What can we possibly say about the sudden passing of Don Chevrier (left, with curling cohort Don Duguid, circa Salt Lake City 2002) that hasn’t been said in the last couple of days? The “voice of God” has been silenced, and as a result there have been plenty of media laudations. In keeping with the style of this here TCN Blog, here’s a few writeups that lie just off the beaten path, that you might not have come across yet… so look here and also here, if you please.

It is certainly a feather on one’s cap to be labelled (by NBC’s Dick Ebersol) as one of the two “greatest all-around sports announcing talents in North American history.” The other? The legendary Jim McKay

Some tribute stories also mentioned current CBC curling legend Don Wittman, who is sadly missing this year’s Grand Slam of Curling broadcasts (thus far, anyway). Paul Friesen has a good one located here. Our thoughts and best wishes go out to Don and his family.

And now, prepare yeself for one of the biggest clickfests in TCN Blog history. Begin!

• Do you know the Discovery Channel show How It’s Made? Well, the show will finally feature the making of curling stones on tonight’s Episode No. 15 (9:00m ET on the Science Channel), which also looks at refrigerators, aluminium baseball bats and opalescent glass.

The show will make its debut on Canada’s Discovery Channel on January 15… and we’ve even listed the episode in the JVC Curling TV Guide in the upcoming January issue of The Curling News!

“We actually went to Wales, to the quarry itself,” said Nathalie Dallaire of Productions Maj, the show’s Montreal-based production company. “Then we finished up at Canada Curling Stone in London, Ontario.”

Speaking of CCS, there’s a fantastic feature on outdoor – or Open Air – curling in said January issue, including a sidebar on a world-famous rock band’s search for curling stones. Make sure you subscribe today, because you simply don’t want to miss this one!

• The San Francisco Bay Area Curling Club is pumped: they had a TV feature air Monday night on the local NBC station; they’re hosting an open house tomorrow ay 8:00pm at Sharksice in San Jose; and of course they’ll be watching the December 23 broadcast of the Korbel Elite Curling Challenge from the Rockefeller Center in New York, which airs at 2:30pm eastern time.

TCN Blog readers, of course, are aware of the show and also the fact that it will now mark Peja Lindholm’s final North American television appearance

• Now over to Mexico, where Alice and Pabu are excited about Mexico City’s first outdoor ice rink. Naturally, they’ve made the call for curling to get on the agenda …

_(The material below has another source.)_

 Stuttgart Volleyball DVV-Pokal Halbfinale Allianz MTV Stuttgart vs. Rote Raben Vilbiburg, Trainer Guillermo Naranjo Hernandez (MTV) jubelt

• There’s lots of media interest in The National down in “The Hawk”; such as local stuff, Halifax stuff (here and also here), good old CP wire, their competitors CanWest and, of course, CBC, too. In fact, the host broadcaster is also big-time: in addition to semi-final and final action on the Mother Corp. network this weekend, each draw has a match webstreamed live from the CBC dedicated curling page. Hardcore fans will note this is a CurlTV production, delivered to CBC …

• The new Grand Slam website is rocking, too, located here… and of course there’s The National subsite, over here

• Yes, The Hawk is popular even without The Ferb. The question now is: will he be ready for playdowns in February?

• Santa is coming: but how does the jolly one know if he’s at a curler’s house?

– Instead of cookies and milk, he finds pins from an obscure curling event
– All the Christmas music playing is recorded by a bagpiper
– A wee man is walking around grumbling. Santa thinks he’s an elf, until he sees “Icemaker” written on his back
– As he exits, a sign attached to the chimney says “No Alcohol Beyond This Point.”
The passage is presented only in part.